Angela Davis Fegan: Better Than I Imagined
@ NEIU Fine Art Center Gallery
5500 N St Louis Ave, Building E, Chicago, IL 60625
Opening Friday, August 30th, from 6PM - 9PM
On view through Friday, September 20th
Angela Davis Fegan: “Better Than I Imagined”
“Better Than I Imagined” is a solo exhibition featuring Chicago artist Angela Davis Fegan. The works in the show, which include paintings, drawings, letterpress prints, and printed wearable garments, examine these processes as instruments of queer desire that conflate the subjectivity of the artist and their subject. Each material and object reiterating and repeating the necessity of bodily autonomy, agency and right to self determination. The subjects represented in each portrait document how these relationships each opened new means for the artist to situate herself in a world that violently dehumanizes Black subjectivity. The collective result of “Better Than I Imagined” is a panoramic view of the shared, liminal consciousness of queer female relationships, self-made community, and the lasting reveries so crucial to the Black lesbian political imagination. Moreover, the women included in the show have strong ties to Chicago and its status as a hub of Black cultural output. This embodied expanse of expression has something to offer everyone as we all seek care and protection in this increasingly precarious time.
Artist Bio
Angela Davis Fegan is a native of Chicago’s South Side. She received her BFA in Fine Arts from New York’s Parsons School of Design and her MFA in Interdisciplinary Book and Paper Arts from Columbia College Chicago. Angela has mounted shows at Chicago Artists’ Coalition, the DePaul Art Museum, The Center for Book Arts (NY), the University of Chicago’s Arts Incubator and Center for the Study of Gender & Sexuality, the Hyde Park Art Center, SAIC’s Sullivan Galleries, Columbia’s Glass Curtain Gallery, SPACES (OH) and Co-Prosperity.
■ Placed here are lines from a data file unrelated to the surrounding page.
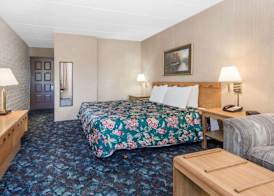 Knights Inn Dayton at Poe Ave 3
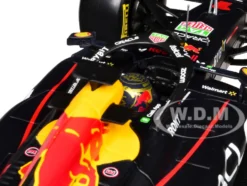 Red Bull Racing RB19 #1 Max Verstappen "Oracle" Winner Formula One F1 Championship "Drivers' Champion" (2023) with Display Case 1/24 Diecast Model Car by Bburago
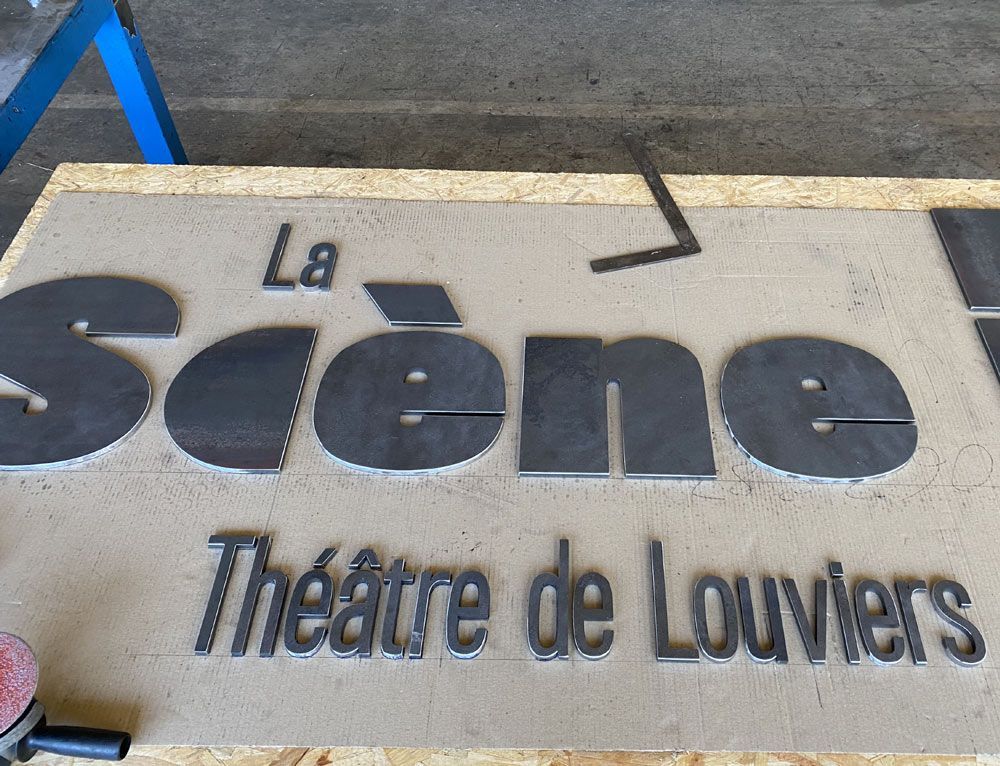 Plaque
She has held residencies at Connecticut College, the Hambidge Center (GA), Revolve (NC), Project Row Houses (TX) and Women’s Studio Workshop (NY). Her work has been selected for book covers including The Truth About Dolls by Jamila Woods, Secondhand by Maya Marshall, All Blue So Late by Laura Swearingen-Steadwell and Super Sad Black Girl by Diamond Sharp. Her lavender menace poster project has been written up by The Offing (LA Review of Books), Hyperallergic, Chicago Magazine, Go Magazine, Pop Sugar, the Chicago Reader, and Newcity.